Task instructions
Every line from the one with "Prada Cartera pequeña de piel" through the end of the material below, both ends included, should be transcribed exactly, without pictures.

Records for processing
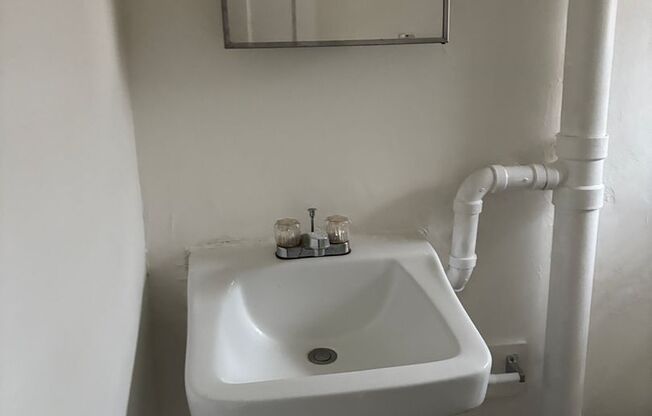 Studio, 1 bath, $500, Unit #2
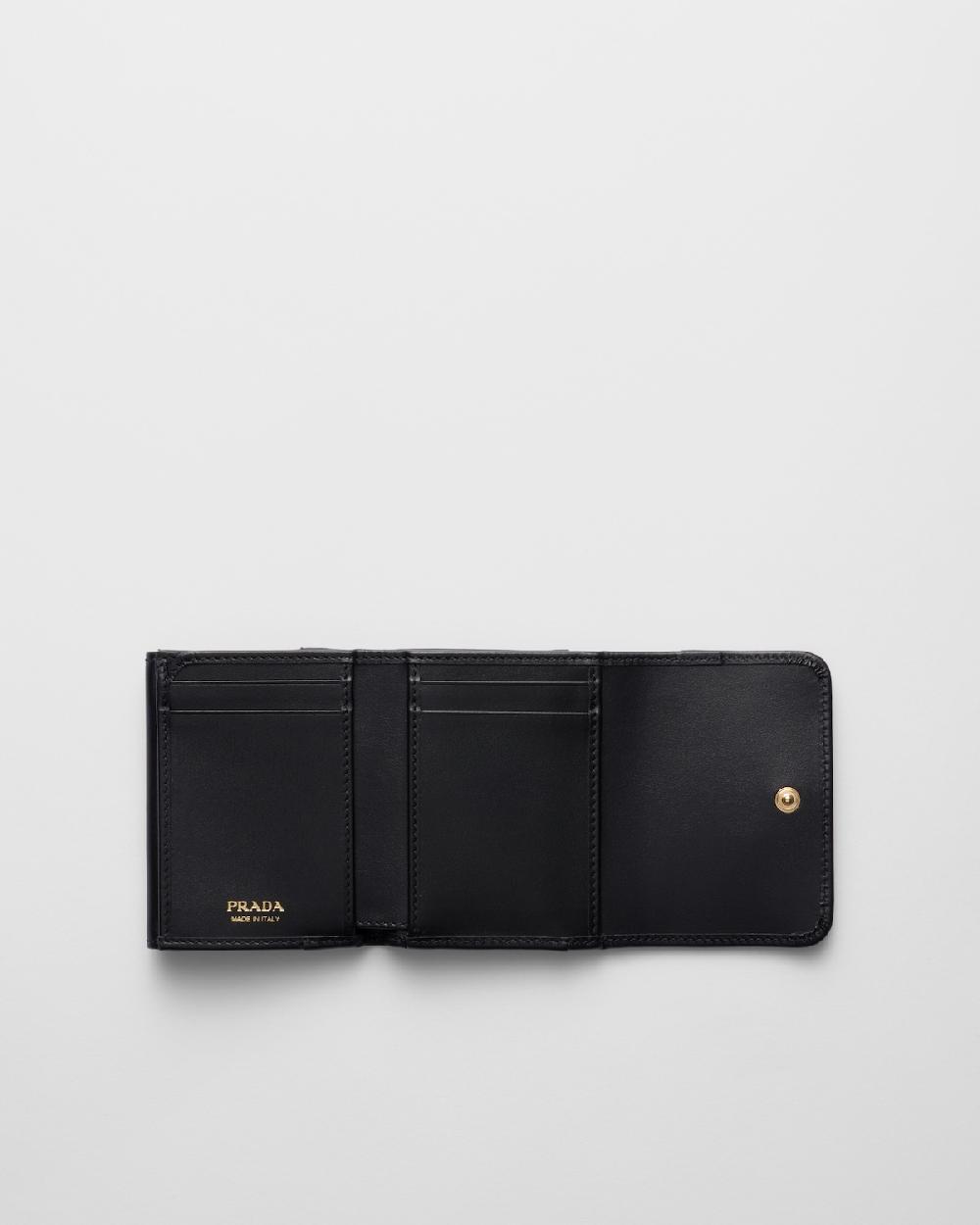 Prada Cartera pequeña de piel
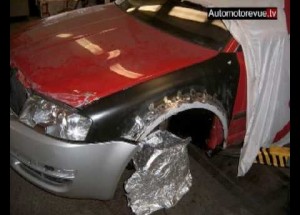 Čeští tuneři překovali děsivě starého Superba. Výsledná práce vás ohromí!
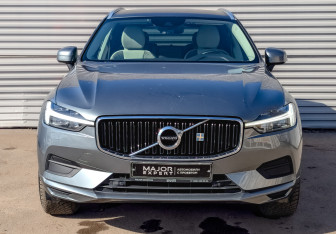 Подержанный автомобиль Volvo XC60 2021 года (2 фото)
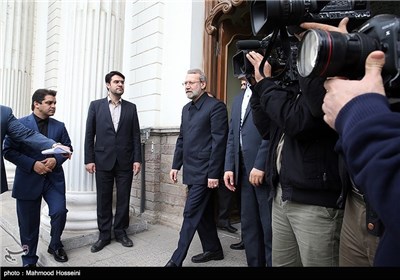 Iran’s Speaker Larijani, EP President Schulz Meet in Tehran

Task answer
 Prada Cartera pequeña de piel
 Čeští tuneři překovali děsivě starého Superba. Výsledná práce vás ohromí!
 Подержанный автомобиль Volvo XC60 2021 года (2 фото)
 Iran’s Speaker Larijani, EP President Schulz Meet in Tehran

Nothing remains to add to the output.